Publicado na Folha de S. Paulo, 30/12/1988
O deságio trabalhista nas empresas estatais
José Pastore e Hélio Zylberstajn
Fala-se muito na privatização de empresas estatais, mas pouco sobre como isso será feito. Quanto vale uma estatal? Qual é o seu passivo? Sua força de trabalho é um trunfo ou um ônus?

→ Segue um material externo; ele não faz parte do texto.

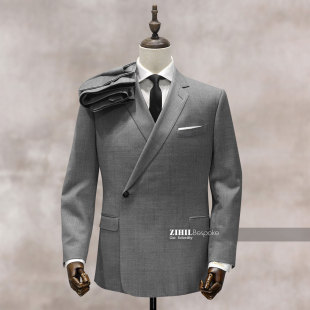 280g120s四季 浅灰色纯羊毛英国进口双排一粒扣宽叠量圆角下摆定制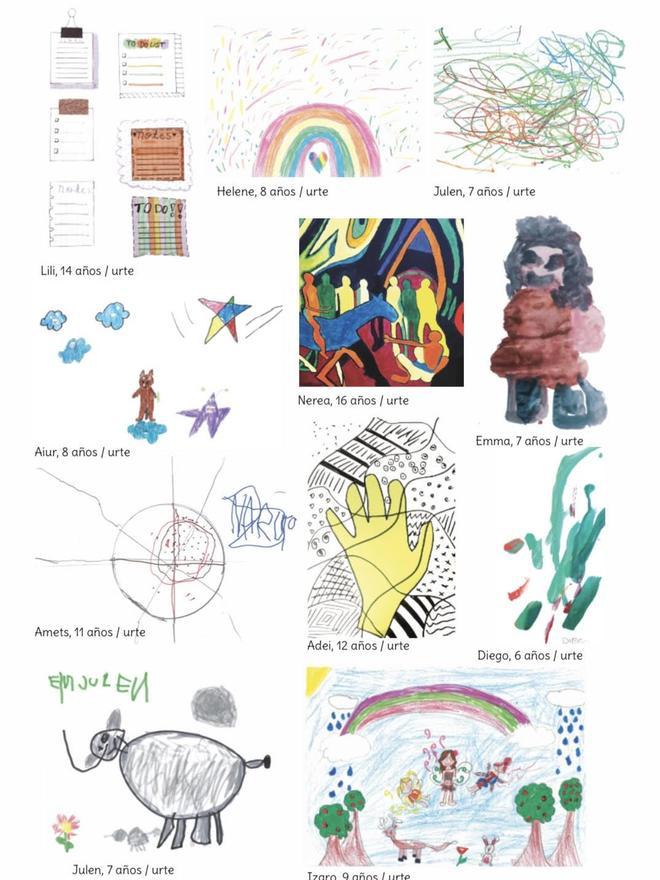 Ilustraciones de niños y niñas que colaboran en Hiru Hamabi.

Para o comprador, obviamente, o negócio só interessa se o saldo líquido entre receitas e despesas for positivo dentro de um prazo razoável. Na avaliação das receitas, ele entenderá que não comprará o eventual direito de monopólio da empresa. A privatização visa exatamente aumentar a concorrência como forma de alcançar maior eficiência. Espera-se, assim, que o comprador esteja preparado para enfrentar a competição nos mercados de produtos e de fatores, inclusive, de mão-de-obra.

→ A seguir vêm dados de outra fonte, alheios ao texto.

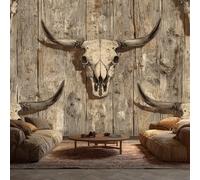 Deer Head Wallpaper, Wood Effect 3D Hunting Mural Wallpaper, Deer Head Room Decor Wall Art for Living Room Bedroom Kitchen 150L x 100W cm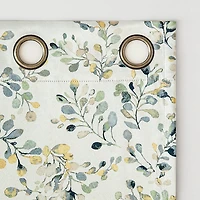 Sun Zero Maureen Painted Foliage Magnetic Closure Grommet Top 100% Blackout Set of 2 Curtain Panel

Na avaliação das despesas, o comprador considerará algumas especificidades. Dentre elas, a mais importante é o alto custo de sua mão-de-obra. As empresas estatais, via de regra, pagam salários maiores e concedem benefícios indiretos desconhecidos no setor privado, tais como: adiantamento de um salário por ocasião do gozo das férias; licença-prêmio de 30 dias a cada cinco anos; transformação do adicional de quiquênio em anuênio com efeito retroativo (acordo coletivo do Serpro, janeiro de 1987); incorporação ao salário de adicionais pagos com habitualidade (acordo coletivo da Celpe, outubro de 1986); incorporação ao salário de gratificação de função comissionada para os que a perdem desde que exercida por cinco anos (acordo coletivo da Cosern, outubro de 1986); perdão de empréstimos concedidos pela própria empresa (acordo coletivo da Acesita, novembro de 1986).
Estes são apenas alguns exemplos de benefícios freqüentes no setor estatal. Há muitos outros, que tratam de extensões de licenças, salário-família a dependentes com mais de 14 anos, salário-educação, planos de assistência médica e odontológica completos, etc. Além disso, muitas empresas estatais mantêm as fundações de seguridade de aposentadoria complementar.
O comprador de uma empresa estatal levará tudo isso em conta antes de efetuar o negócio. Se a empresa pode operar com altos custos trabalhistas porque é estatal e monopolista, uma vez privatizada, tais custos deverão se adaptar ao mundo da concorrência. O comprador procurará visualizar como ficaria a empresa caso esta viesse a reformular suas políticas trabalhistas. Mas ficará surpreso ao descobrir que muitos dos benefícios existentes são irremovíveis por estarem assegurados em leis específicas, portarias ministeriais e acordos ou convenções coletivas que se repetem e se ampliam a cada ano.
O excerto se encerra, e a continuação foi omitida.